#### DATASET CONTENT ####

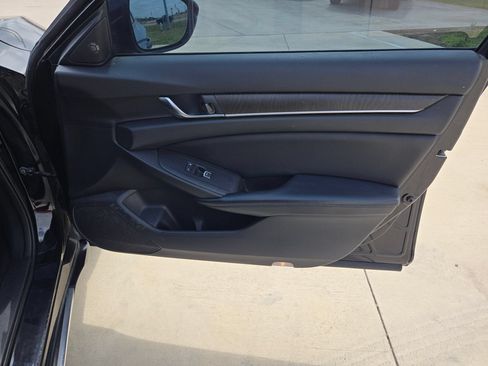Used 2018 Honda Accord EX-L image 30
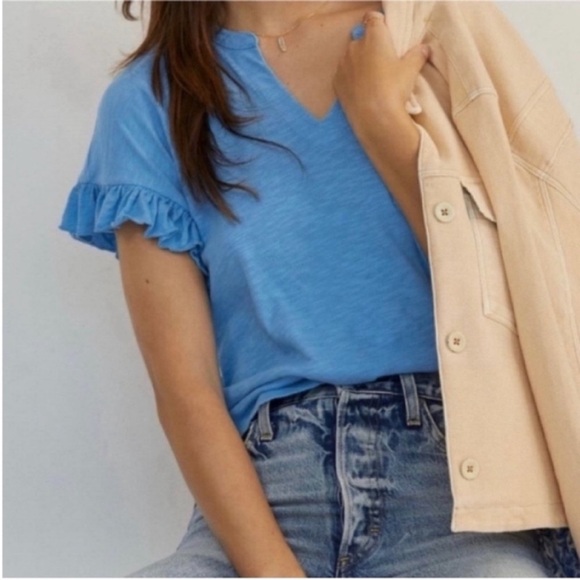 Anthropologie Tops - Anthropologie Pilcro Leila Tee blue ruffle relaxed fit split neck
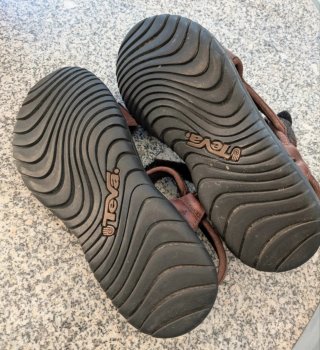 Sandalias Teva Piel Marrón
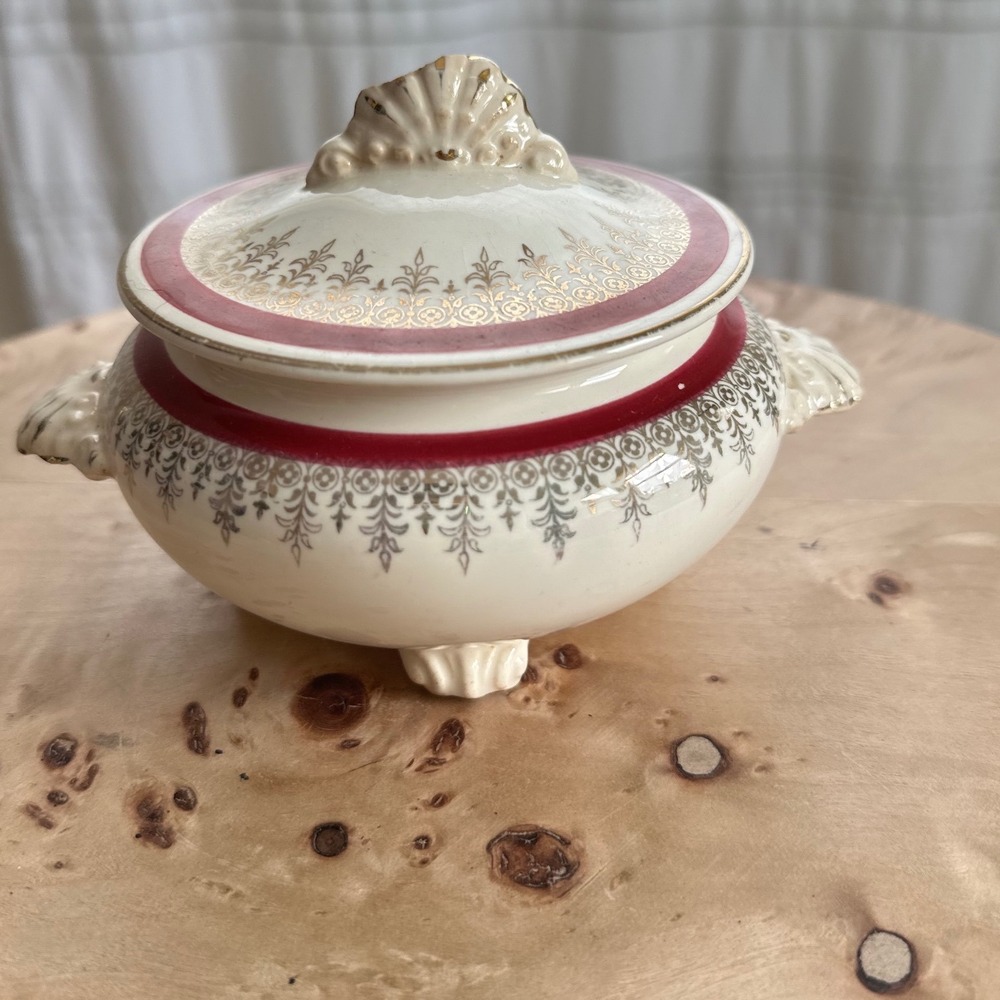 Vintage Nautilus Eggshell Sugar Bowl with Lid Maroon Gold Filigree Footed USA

####

• **TASK BRIEF**
Your answer should consist solely of the lines from the one holding "Anthropologie Tops - Anthropologie" through the end of the listing, reproduced exactly and without pictures.

• **SOLUTION FOR THIS PROBLEM**
 Anthropologie Tops - Anthropologie Pilcro Leila Tee blue ruffle relaxed fit split neck
 Sandalias Teva Piel Marrón
 Vintage Nautilus Eggshell Sugar Bowl with Lid Maroon Gold Filigree Footed USA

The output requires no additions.